WHAT IS NEEDED:
Give again, exactly and without pictures, the lines running from the line with "MERCEDES-BENZ GLE 350" to the end of the records below.
+++ SUPPLIED INFORMATION +++
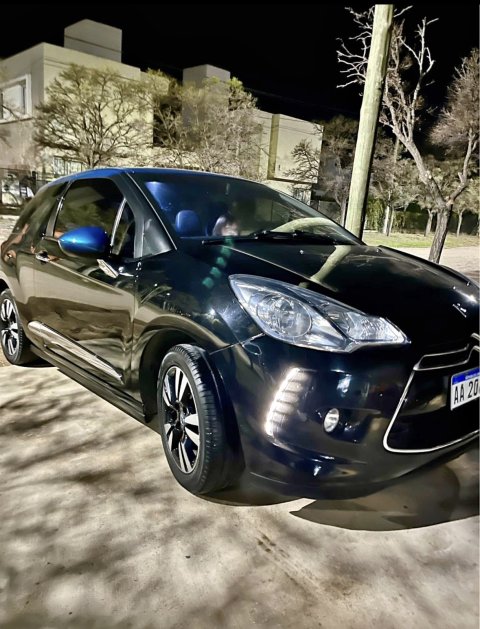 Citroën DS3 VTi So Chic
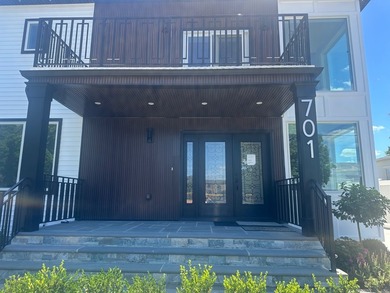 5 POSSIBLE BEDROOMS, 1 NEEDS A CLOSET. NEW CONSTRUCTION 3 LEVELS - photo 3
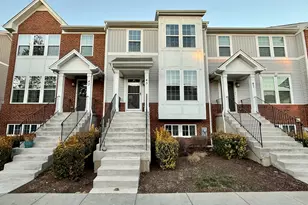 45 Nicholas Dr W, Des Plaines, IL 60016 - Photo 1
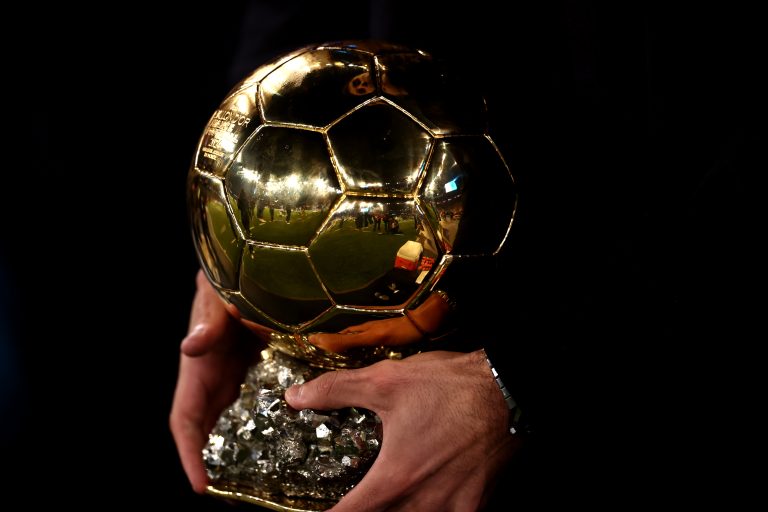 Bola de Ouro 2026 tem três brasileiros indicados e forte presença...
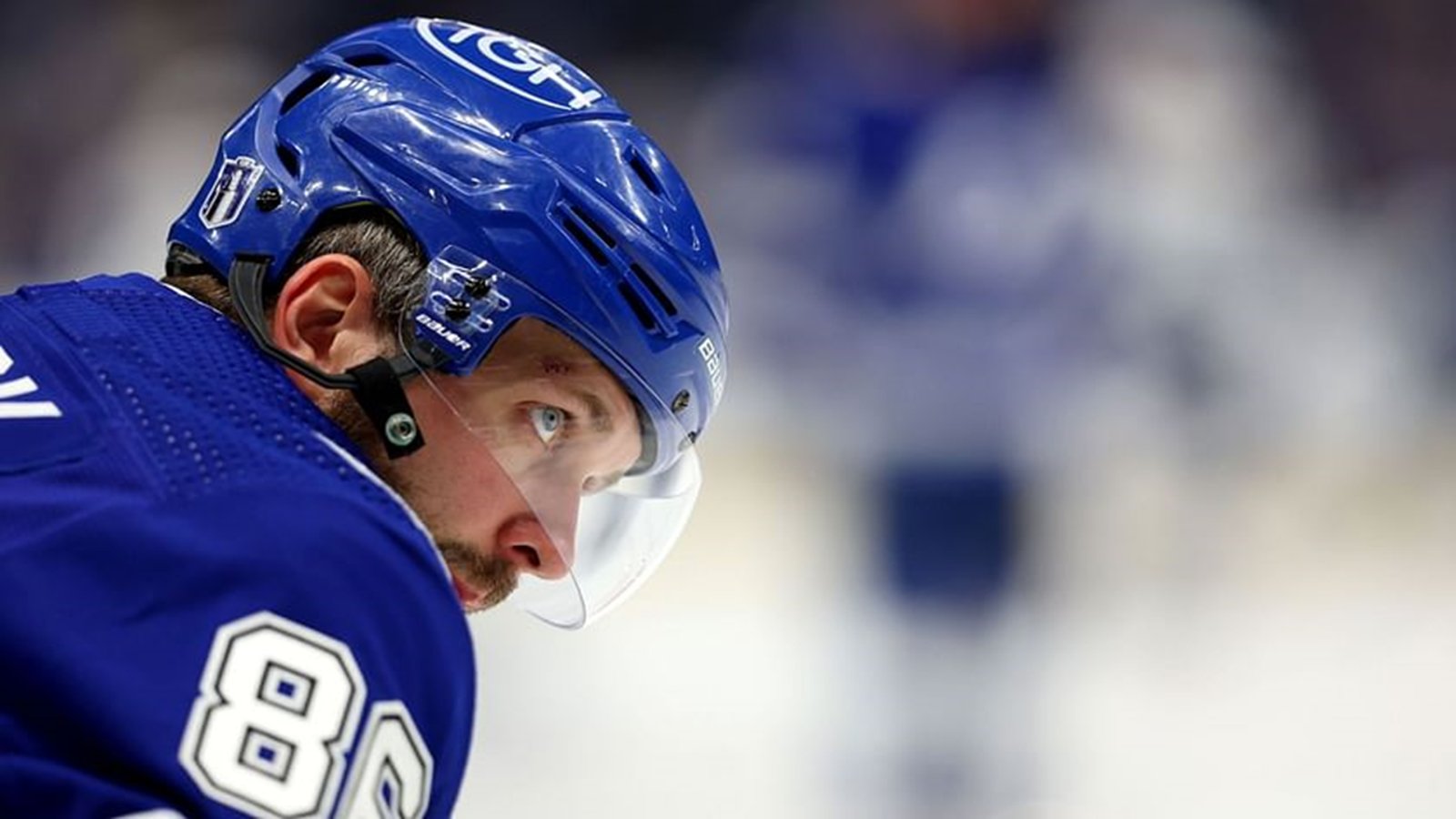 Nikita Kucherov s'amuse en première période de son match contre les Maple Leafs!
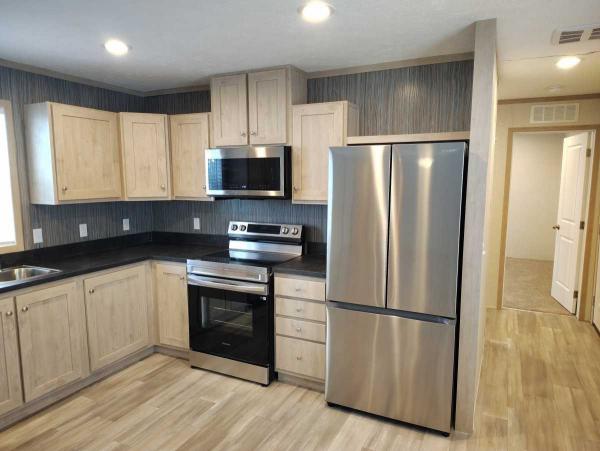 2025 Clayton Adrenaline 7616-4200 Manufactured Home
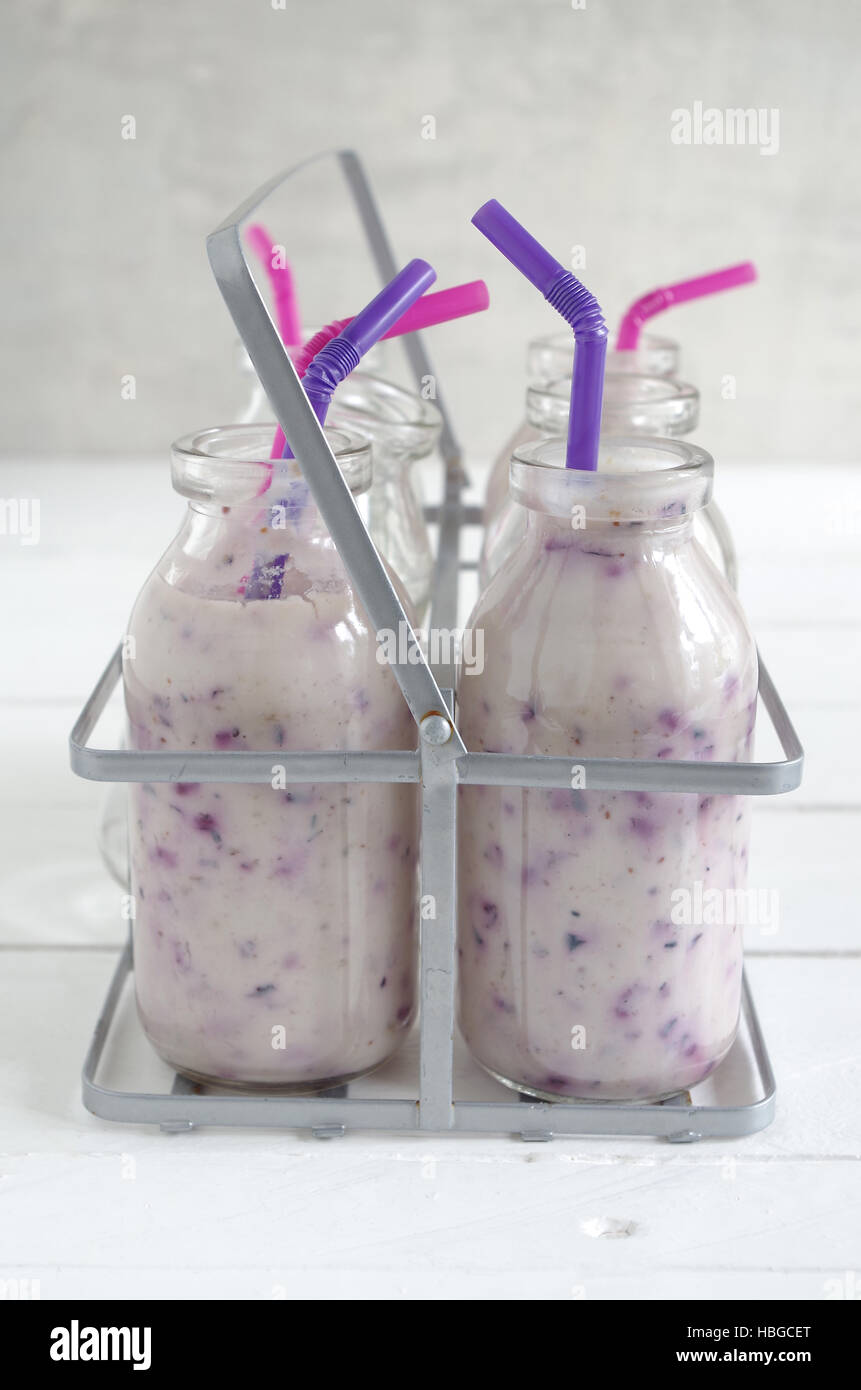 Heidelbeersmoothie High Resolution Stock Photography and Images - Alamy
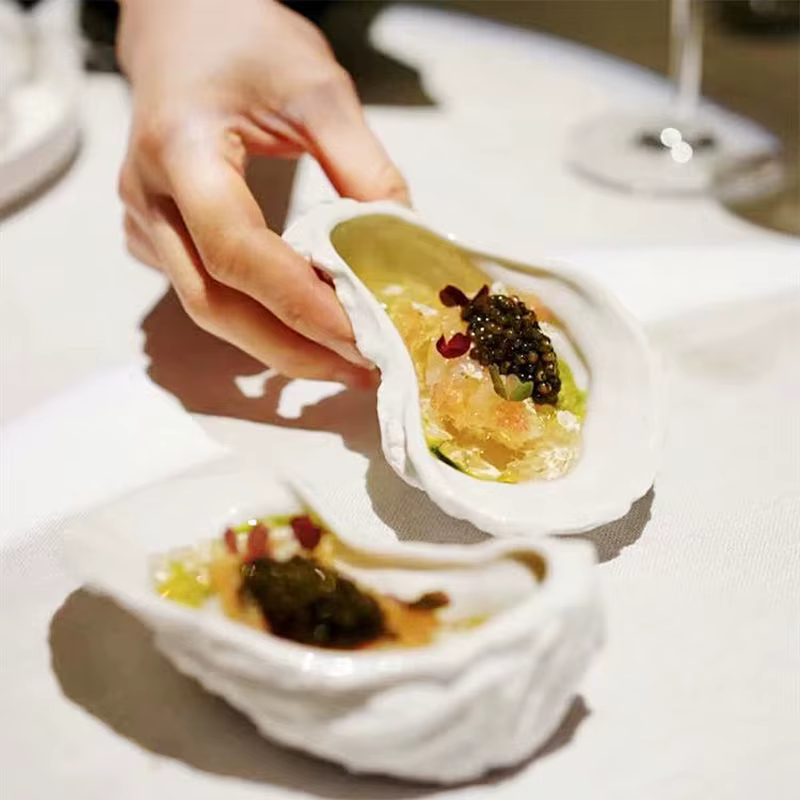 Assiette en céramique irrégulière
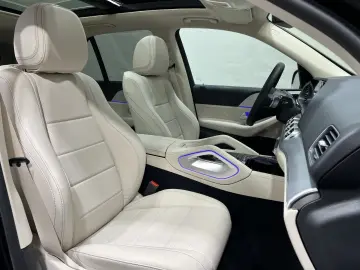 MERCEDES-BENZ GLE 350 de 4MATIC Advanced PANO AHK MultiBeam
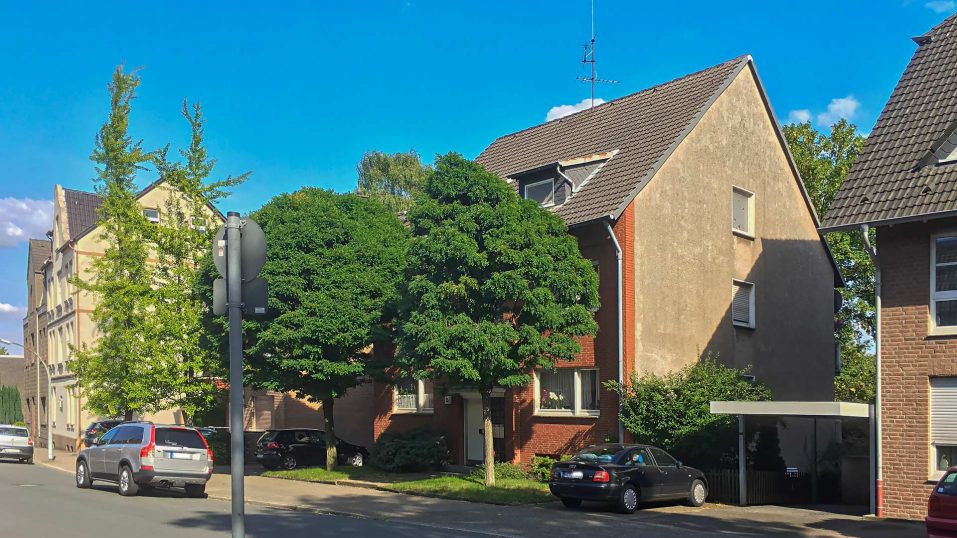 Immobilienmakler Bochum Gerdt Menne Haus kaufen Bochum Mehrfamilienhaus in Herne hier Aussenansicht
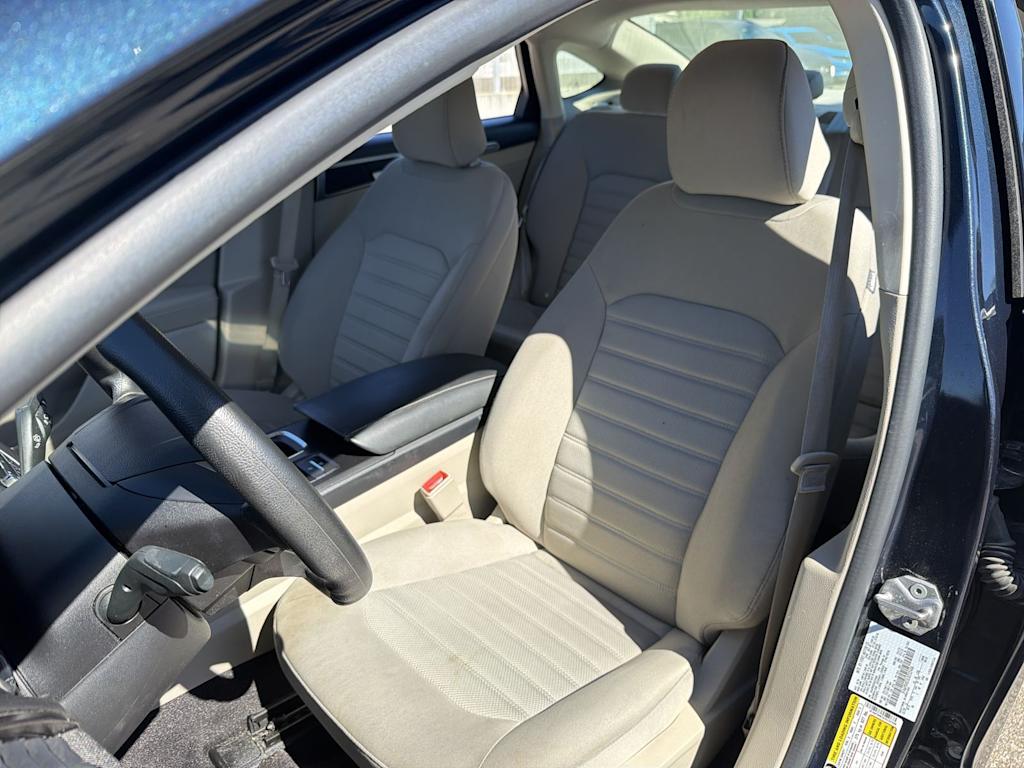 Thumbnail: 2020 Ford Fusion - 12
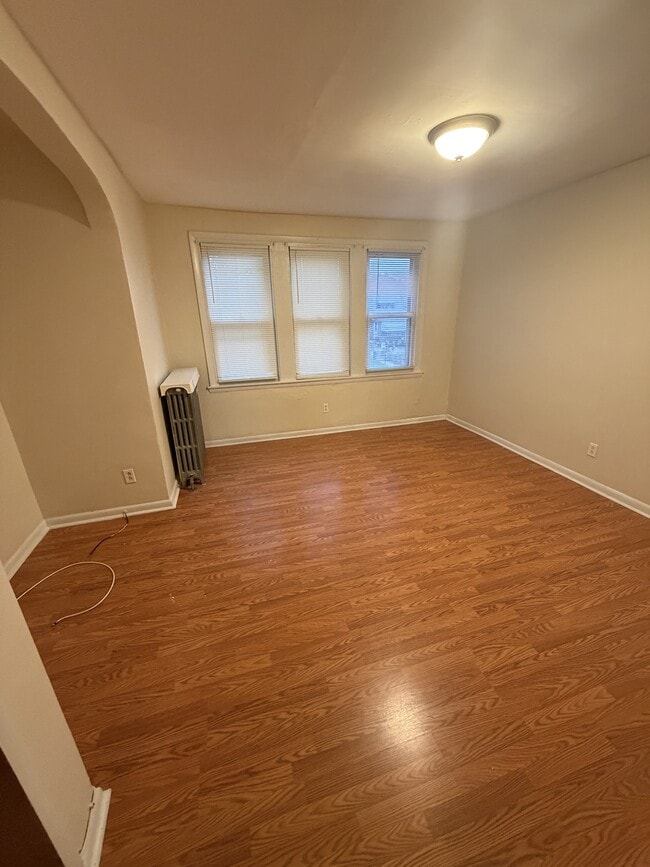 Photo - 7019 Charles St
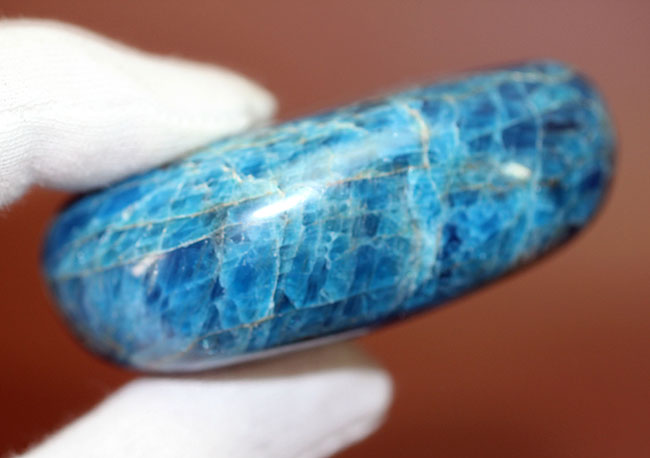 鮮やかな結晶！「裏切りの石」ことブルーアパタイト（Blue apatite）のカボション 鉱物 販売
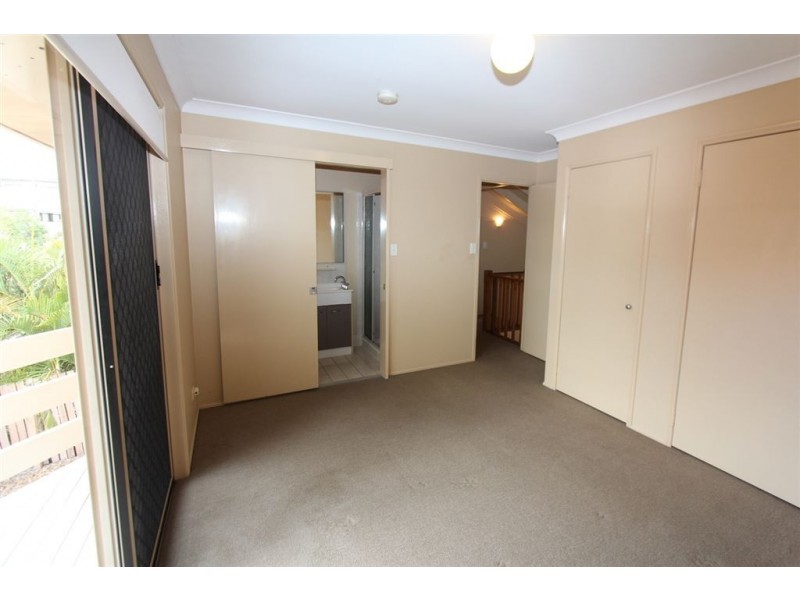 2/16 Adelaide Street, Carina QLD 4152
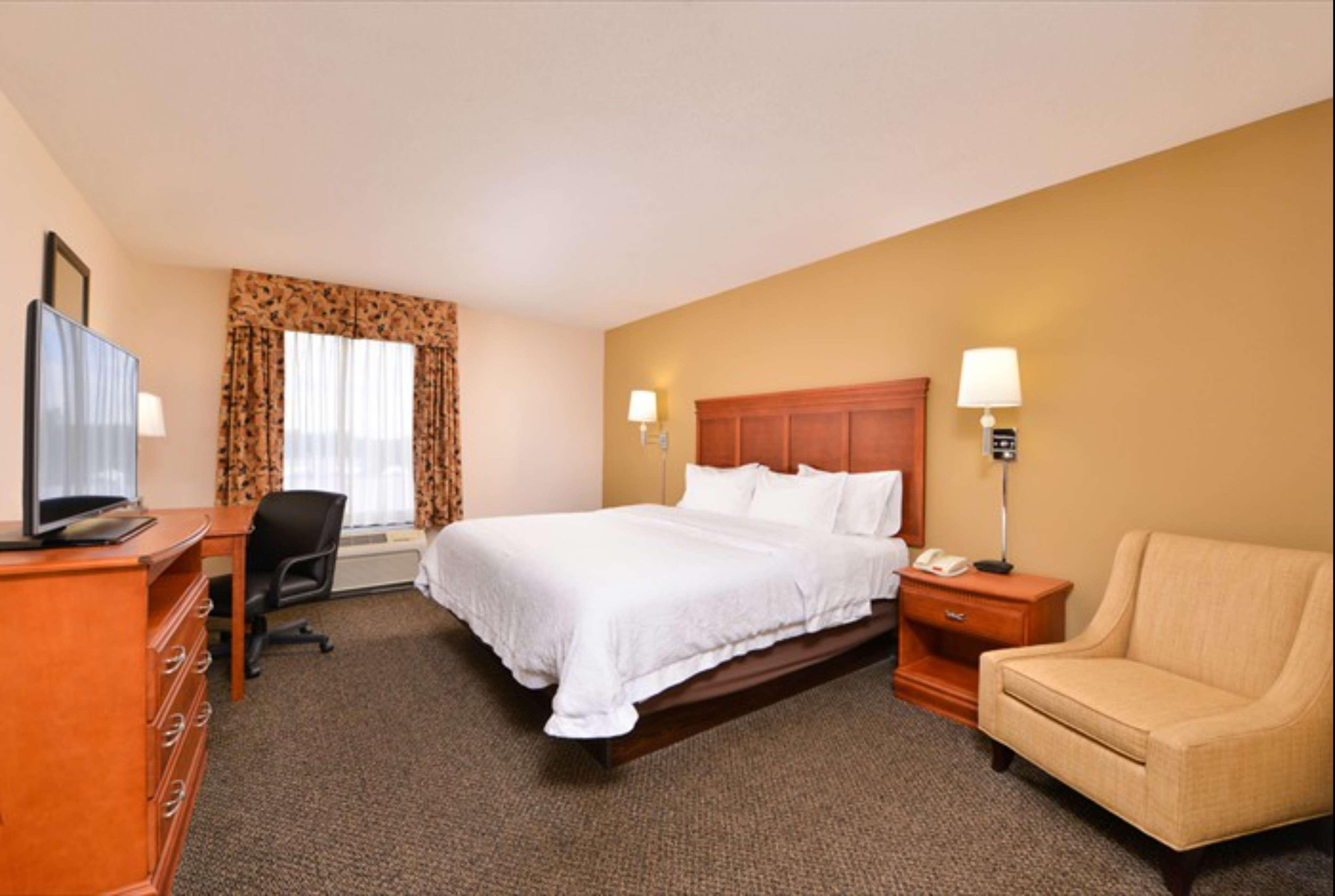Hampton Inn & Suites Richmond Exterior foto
+++
ANSWER BELOW:
 MERCEDES-BENZ GLE 350 de 4MATIC Advanced PANO AHK MultiBeam
 Immobilienmakler Bochum Gerdt Menne Haus kaufen Bochum Mehrfamilienhaus in Herne hier Aussenansicht
 Thumbnail: 2020 Ford Fusion - 12
 Photo - 7019 Charles St
 鮮やかな結晶！「裏切りの石」ことブルーアパタイト（Blue apatite）のカボション 鉱物 販売
 2/16 Adelaide Street, Carina QLD 4152
Hampton Inn & Suites Richmond Exterior foto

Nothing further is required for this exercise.